Lucian envisioned the grim truck coming here the next morning. A cold antagonising bench waiting for him to sit in like a prisoner. As far as he was concerned, his life was over. And so, in a bid to fight for his freedom, Lucian bolted at the door, only for Michael to push him back down.
But this time, Lucian didn’t stop, he stomped up and pushed against his father. They jumped at each other like dogs fighting over nothing, disregarding mother’s crying pleas for them to stop.
“I just want a normal life!” Lucian screamed at the top of his lungs.
At this point, Michael had enough of this disrespect, and he shouted. “And I just wanted a normal son! But we don’t just magically get what we want now, do we? THAT’S LIFE! THE SOONER YOU LEARN THAT THE BETTER!”
“Michael!” Mother screamed at dad, dress crumpled between her fingers. Her eyes bloodshot and damp with tears. Michael looked at her, anger mixed with regrets webbed across his features.
Lucian stood back in horror. This was the man that taught him everything he knew; that laughed with him through his childhood; who taught him to ride horses and tie shoelaces. Dad inched forward, fist clenched and slightly shivering. There were battles being fought on his face and behind his quivering, reddened eyes.
“Michael! Stop!” Lucian’s mother held her son in her arms, pleading. “My sweet, listen to your father please I’m begging you! I’ll explain later.
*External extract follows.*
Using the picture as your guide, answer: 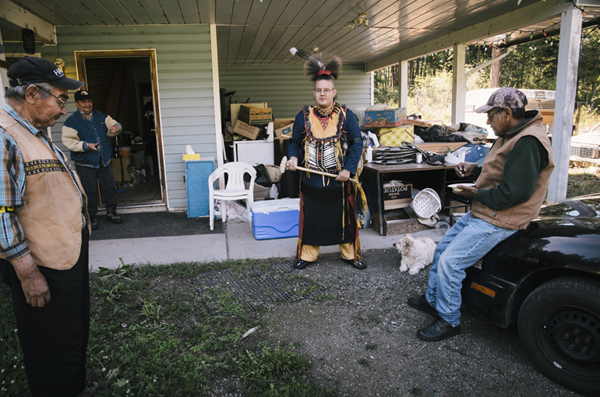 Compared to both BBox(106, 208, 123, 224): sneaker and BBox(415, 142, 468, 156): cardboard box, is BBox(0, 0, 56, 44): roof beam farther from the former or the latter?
BBox(415, 142, 468, 156): cardboard box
But right now you need to calm down, love, alright? Calm, child.”
Lucian was caught in a trance. His father’s words were ringing in his mind like a train running over every little happy memory he had. His mother’s face was wrecked with tears and… and… he couldn’t register anything else. Right now, all he cared about was to run away. And that was exactly what he did…
Lucian yanked away from his mother and lunged towards the door, mind focused on that singular purpose. His eyes flared up a mystical purple. They were burning, from the tears? Or from the magic. He didn’t know, and didn’t care.
Michael rushed up to stop him and in instinct, Lucian raised his hand up to push his father away from the door.
Just then…
The tips of his fingers were burning, his skin sizzling in a tingling sensation, they were glowing. Michael was facing those outstretched fingers, staring down his terrified son in horrible realisation. Lucian’s mind screamed for his own body to stop. But…
Blood splattered onto the wall and the door, staining them in a spiralling crimson. Lucian stared through the hole in Michael’s chest cavity before the man collapsed onto the floor. Complete silence engulfed the family. Ashen purple smoke lingered on Lucian’s finger.
Oh no… Gods no, please don’t let this be real!
Mother’s scream was the only sound filling Lucian’s remaining ear as he ran away from the house in terror.
His heart was screaming for him to stop but Lucian’s feet kept running. The sky above shone with a billion stars watching over him. He ran as far as his feet would take him, into the great unknown of the night, into the dark woods across the bridge towards Fort Liguras and the Academy beyond it.
And into the murky future that awaited him.